どんなに坂下の腹筋が、浩之が裸足で逃げるのは不可能と悟って命乞いをするほどに鍛えられていたとしても、鍛えていないはずのなチェーンソーは、さらに防具をつけている。
マスカレッドと比べれば、防具は遥かに薄いが、しかし、正直、坂下などはそこは疑っていた。あの薄手の防具が、特殊な装備でないと、誰が言えようか?
いや、あの黒光りする鎖を見る限り、即興で作ったものではない。確実な意志と、ちゃんとした技術がそこには感じられる。
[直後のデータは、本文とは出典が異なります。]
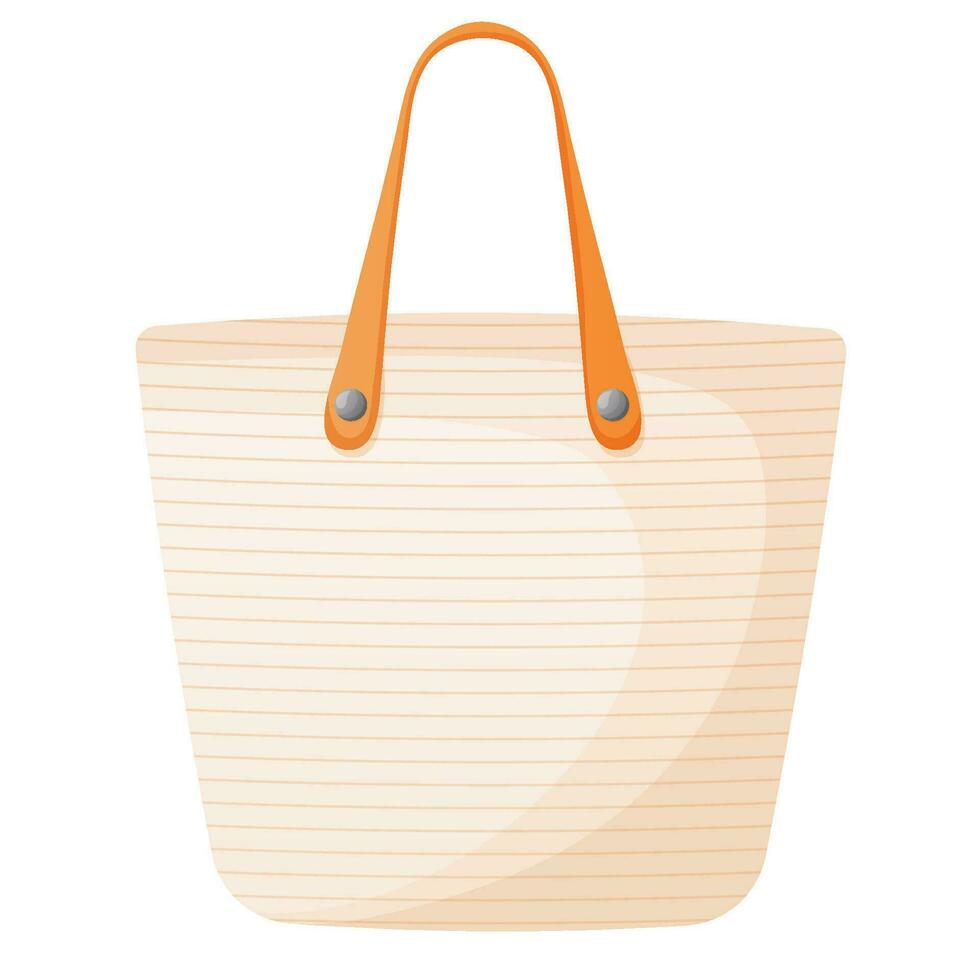 Summer, beach , shopping bag isolated on white. vector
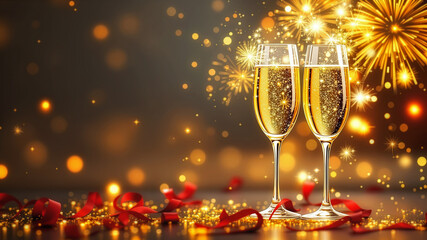 Two elegant champagne flutes filled with bubbly drink sit amidst sparkling lights and colorful ribbons. Perfect festive setting for New Year's Eve, weddings, or parties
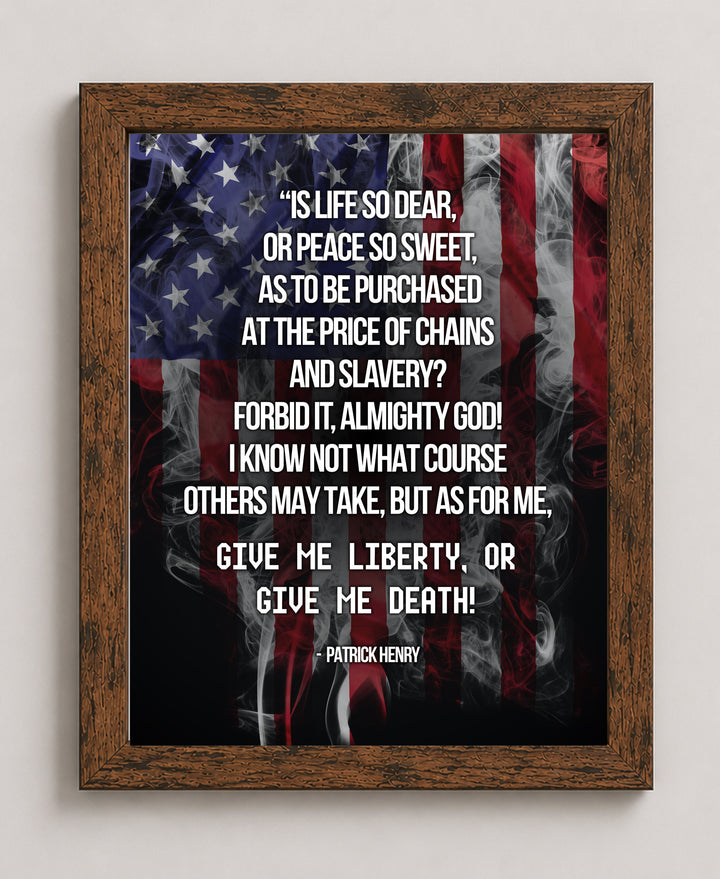 Give Me Liberty or Give Me Death Patriotic Wall Art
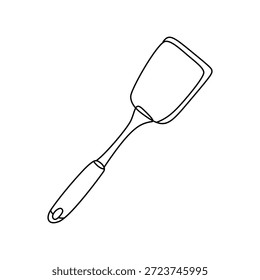 Minimalist Square Kitchen Turner line art Illustration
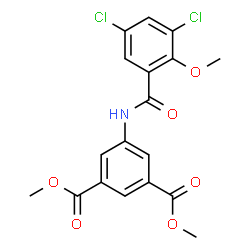 ChemSpider 2D Image | Dimethyl 5-[(3,5-dichloro-2-methoxybenzoyl)amino]isophthalate | C18H15Cl2NO6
あの防具は、見た目以上に、防御力を持っている。坂下なら、確かにそれを打ち抜くことも可能なのだろうが、しかし、相打ちは、受けるダメージは、坂下の方が遥かに多いのは間違いなかった。
いや、相打ち云々を言う前に、ウレタンナックルが破れ飛ぶほどの威力の鎖を、腕で受けた、そのダメージは?
むしろ、そちらの方が、深刻だ。坂下は、確かに蹴りもいいが、その真剣にも似た拳は、相手を圧倒するものを持つのだ。それが精彩を欠いたとき、勝ち目などあるのだろうか?
鎖の回転は止めた。しかし、総合的に見て、坂下がこの攻防で勝った、とはとても言えない状況だ。
だというのに、横で、にやにやそわそわしているこの女を、どうしたものだろうか?
坂下が不利、ああ、なるほど、理屈をこねれば、そうなる。こねる必要すらなく、普通に考えればそうなのだが。
だが、自分に見えていないものが、彼女には、見えているはずだ。
綾香が、横で嬉しそうにしていると、その不安は、軽く吹き飛ぶ。そのかわり、もっと直接的な不安がむくむくと頭をもたげてくるのは、どうにか出来ないものか。主に自分の身の危険とか。
そう、奇しくも浩之が自分で考えたように、浩之には、見えていないものがあった。
だから、浩之は思い違いをしていた。
それは、坂下がかかげた、優先順位。
鎖の回転を止める?
そんなもの、坂下の中では、優先順位の中にすら入っていなかった。
坂下が掲げたのは、ただ一つ。優先順位など、つける必要すらない。最初から、徹頭徹尾、それにしか坂下は意識を裂いていない。
ただ、鎖が邪魔だったから、はじいただけだ。
すなわち、坂下が思うのは、一つ。チェーンソーを、倒すことだけ。ただ、それだけなのだ。